Andrew Rawnsley argues in the Observer tomorrow that Ed Miliband can't retreat from his battle with the union bosses.
I'd point in response to the same paper's editorial for tomorrow's edition, just out on the web:
In 1978, the typical male US worker was making $48,000 (£30,700) a year (adjusted for inflation). Meanwhile, the average person in the top 1% was making $390,000. By 2010, the median wage was $33,000, but at the top it had risen to $1m. This level of unfairness, as Reich points out, is not just a threat to the economy but to democracy.
Reich points out that this imbalance, and unfairness, stems precisely from the point where anti-union legislation was enacted in the US.

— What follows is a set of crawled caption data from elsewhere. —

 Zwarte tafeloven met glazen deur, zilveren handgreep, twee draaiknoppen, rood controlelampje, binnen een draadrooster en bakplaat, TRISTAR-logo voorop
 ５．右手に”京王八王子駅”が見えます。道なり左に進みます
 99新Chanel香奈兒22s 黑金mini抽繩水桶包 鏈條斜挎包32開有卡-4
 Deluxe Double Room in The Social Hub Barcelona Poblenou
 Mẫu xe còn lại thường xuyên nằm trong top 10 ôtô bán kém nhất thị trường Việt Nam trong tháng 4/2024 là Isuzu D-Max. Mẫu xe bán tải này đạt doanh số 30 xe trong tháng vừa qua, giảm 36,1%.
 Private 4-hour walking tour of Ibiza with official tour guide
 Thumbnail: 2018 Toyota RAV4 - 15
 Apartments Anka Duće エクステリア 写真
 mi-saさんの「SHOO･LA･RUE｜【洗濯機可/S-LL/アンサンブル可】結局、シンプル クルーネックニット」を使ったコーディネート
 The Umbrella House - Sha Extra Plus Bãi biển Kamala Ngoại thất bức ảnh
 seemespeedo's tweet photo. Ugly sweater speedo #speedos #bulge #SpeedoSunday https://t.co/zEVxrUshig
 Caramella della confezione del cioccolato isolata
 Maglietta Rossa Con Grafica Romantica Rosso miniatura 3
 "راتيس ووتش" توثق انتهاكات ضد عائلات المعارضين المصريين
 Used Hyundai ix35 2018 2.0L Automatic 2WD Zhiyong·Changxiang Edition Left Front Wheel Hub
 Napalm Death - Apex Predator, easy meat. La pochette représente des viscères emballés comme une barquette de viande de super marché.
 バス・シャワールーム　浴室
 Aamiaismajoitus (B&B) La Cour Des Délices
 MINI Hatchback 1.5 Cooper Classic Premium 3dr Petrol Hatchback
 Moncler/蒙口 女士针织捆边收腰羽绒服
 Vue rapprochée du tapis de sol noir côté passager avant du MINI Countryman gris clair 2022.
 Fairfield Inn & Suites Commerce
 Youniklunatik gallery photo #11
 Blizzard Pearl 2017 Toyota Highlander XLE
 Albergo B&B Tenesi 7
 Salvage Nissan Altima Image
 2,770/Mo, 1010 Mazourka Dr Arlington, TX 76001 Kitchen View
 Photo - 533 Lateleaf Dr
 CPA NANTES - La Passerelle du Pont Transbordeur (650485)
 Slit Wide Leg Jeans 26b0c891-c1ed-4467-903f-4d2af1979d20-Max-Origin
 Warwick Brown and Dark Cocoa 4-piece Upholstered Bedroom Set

Of course neoliberalism can beat the unions through the hegemony of thinking it has created in our major political parties. But if it does so let's be clear it will beat democracy at the same time.
I am a democrat.
I believe in our unions and proud to work with and for them on occasion.
I do not believe democracy has any hope of surviving without a strong union moment - which has a strong input into a political system where the voice of ordinary people challenges the voice of the power of capital - which none of our major political parties are doing at present.
So of course Labour can beat the unions. But we need to ask at what cost to it and to us all.
And we have to ask what outcome it is seeking - because right now it is hard to see any strategy in this policy. I just hope there is - simply because this is too important for opportunism to be the guiding principle, as looks all too possible.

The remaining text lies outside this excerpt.